● **TASK DIRECTIONS**:
Copy the records below in full, keeping each word as it is but omitting the pictures.

● **RECORD SET**:
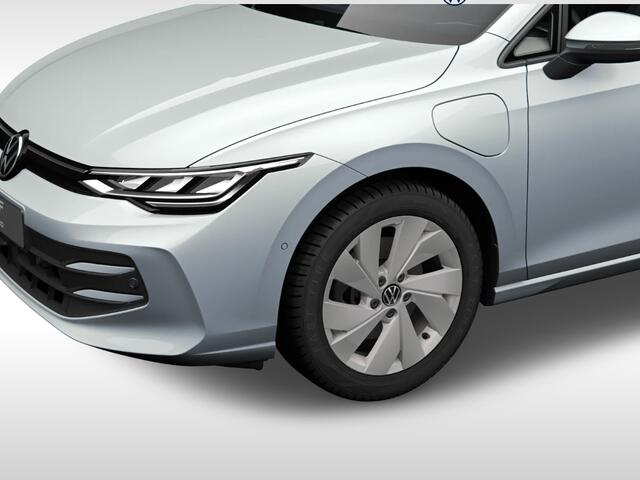Volkswagen GOLF Life Edition 1.5 eHybrid 204 pk 6 versn. DSG · Comfort Pakket · Achteruitrijcamera ·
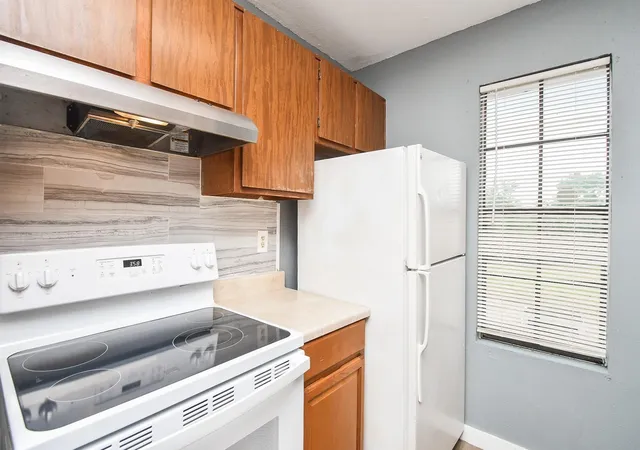 8323-wilcrest-dr-17008-houston-tx-77072/hzid_f45c2732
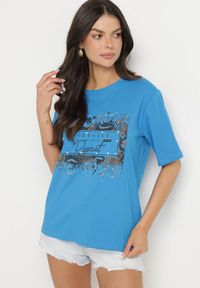 Born2be - Niebieski Bawełniany T-shirt Ozdobiony Nadrukiem Nartzedi. Okazja: na co dzień. Kolor: niebieski. Materiał: bawełna. Wzór: aplikacja, nadruk. Styl: casual #3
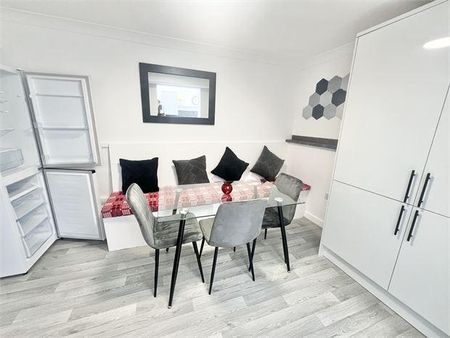 4 bedroom house share to rent - Photo 4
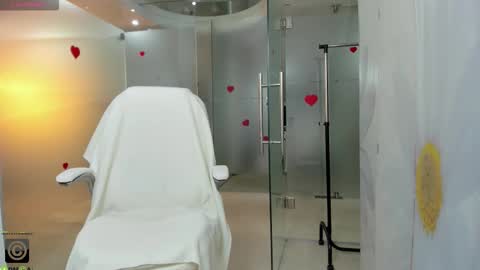 Snapshot of missdominna chatting on February 9, 2026, 4:05 am Miss Domina online show from February 9, 2026, 4:05 am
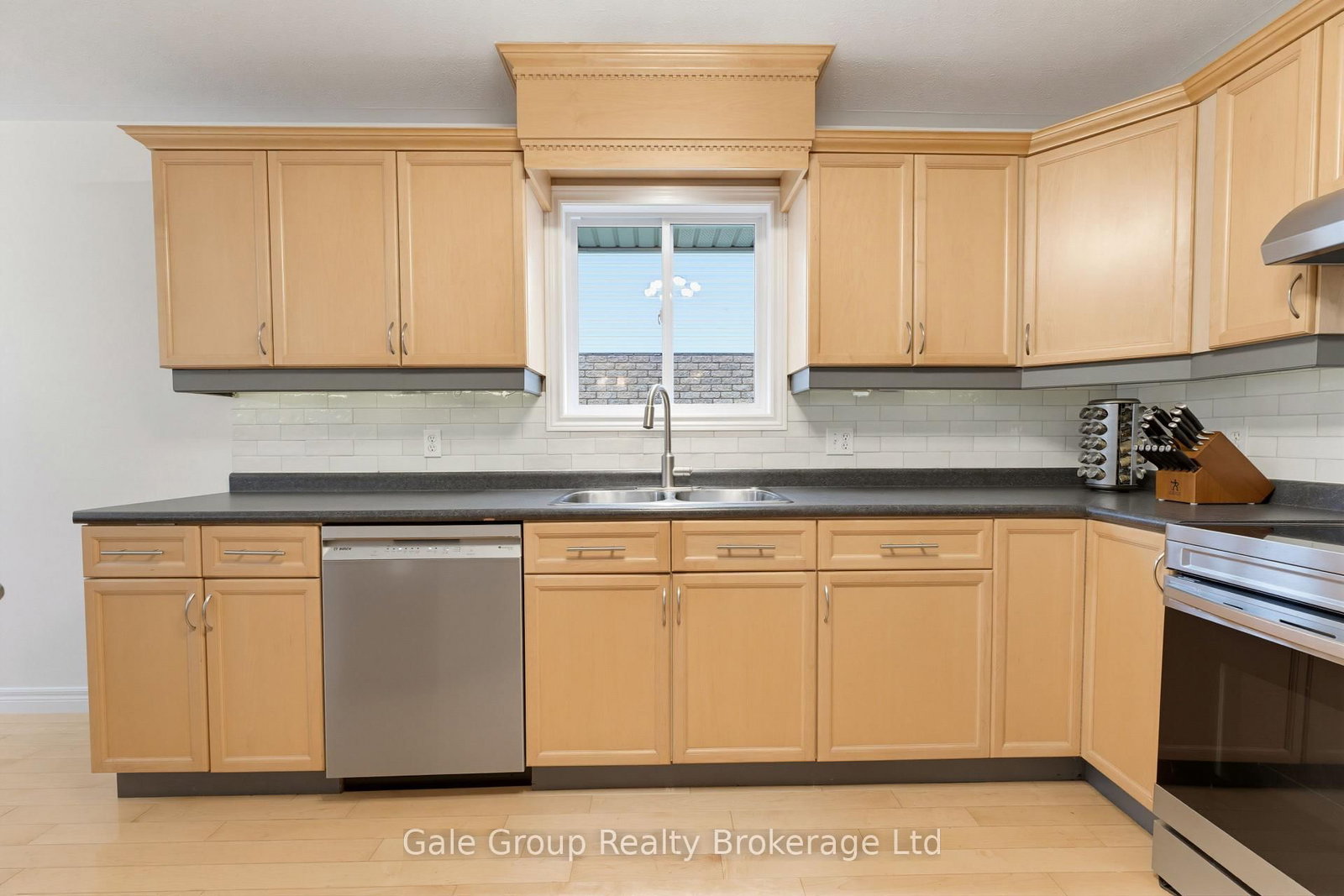 471 Ontario Street • Woodstock, ON photo 9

● **WRITTEN ANSWER**:
Volkswagen GOLF Life Edition 1.5 eHybrid 204 pk 6 versn. DSG · Comfort Pakket · Achteruitrijcamera ·
 8323-wilcrest-dr-17008-houston-tx-77072/hzid_f45c2732
 Born2be - Niebieski Bawełniany T-shirt Ozdobiony Nadrukiem Nartzedi. Okazja: na co dzień. Kolor: niebieski. Materiał: bawełna. Wzór: aplikacja, nadruk. Styl: casual #3
 4 bedroom house share to rent - Photo 4
 Snapshot of missdominna chatting on February 9, 2026, 4:05 am Miss Domina online show from February 9, 2026, 4:05 am
 471 Ontario Street • Woodstock, ON photo 9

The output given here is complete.